2023年08月06日 17時00分更新

フラウンホーファー IIS

フラウンホーファー IIS

安倍元首相も感銘を受けていた?

 安倍晋三元内閣総理大臣はかつて、フラウンホーファー研究機構にならうような組織が日本にもあった方がいいと述べたそうだ。結果、その名が一躍広まった経緯もある。日本にも産業技術総合研究所や理化学研究所があるが、フラウンホーファー研究機構は公務員ではなく、ビジネス分野に近い研究機関だ。

 フラウンホーファー IISで生まれた最初の有名なコーデックはMP3である。MP3はもともと研究者が音楽をコンピューターで扱えるファイルにできないかと考えて始まった基礎研究のテーマだった。当初はだれもそれに意義を見出せなかったという。しかし、インターネットによって、それが爆発的に広まった。その後もAAC, HE-AAC, xHE-AAC, AAC-LD, MPEG-Hなどさまざまな用途に使える、オーディオコーデックを世に出している。

名前こそ似ているが、MP3とLC3は別物?

 LC3はLE Audioの標準コーデックとして採用されて知られるようになった。名は似ているがLC3はMP3(やAAC)の延長上にある技術ではない。
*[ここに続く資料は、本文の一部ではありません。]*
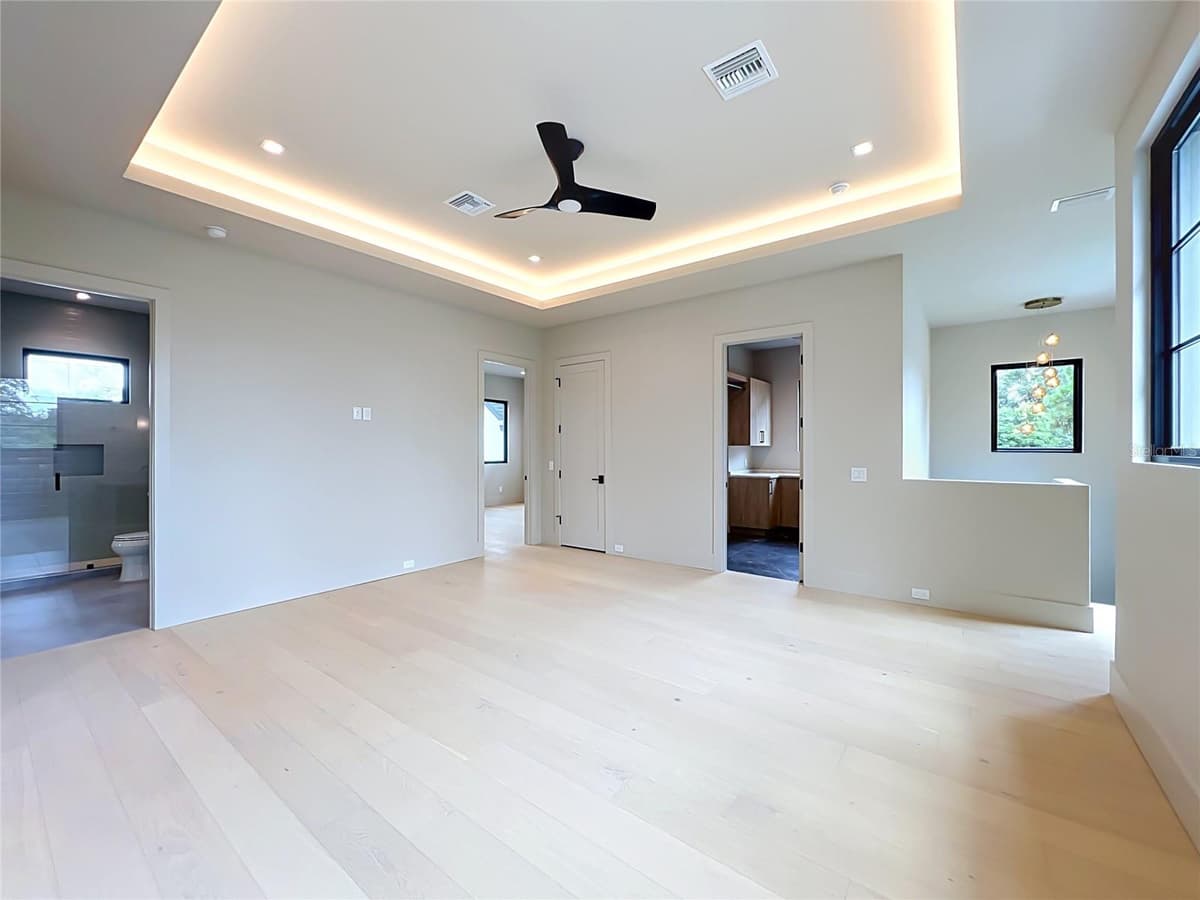 2905 PARKLAND DRIVE — photo 63 of 98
これは私も錯誤していたのだが、それを説明する。

 LC3はスウェーデンの通信機器メーカーであるエリクソンと共同開発した技術で、端的に言うと低遅延・高音質・通信安定性を特徴としている。LC3とは"Low Complexity Communication Codec"(低複雑性)の略語である。シンプルで負荷が低いという意味だ。そして、"Communication(コミュニケーション)"という言葉も実は重要である。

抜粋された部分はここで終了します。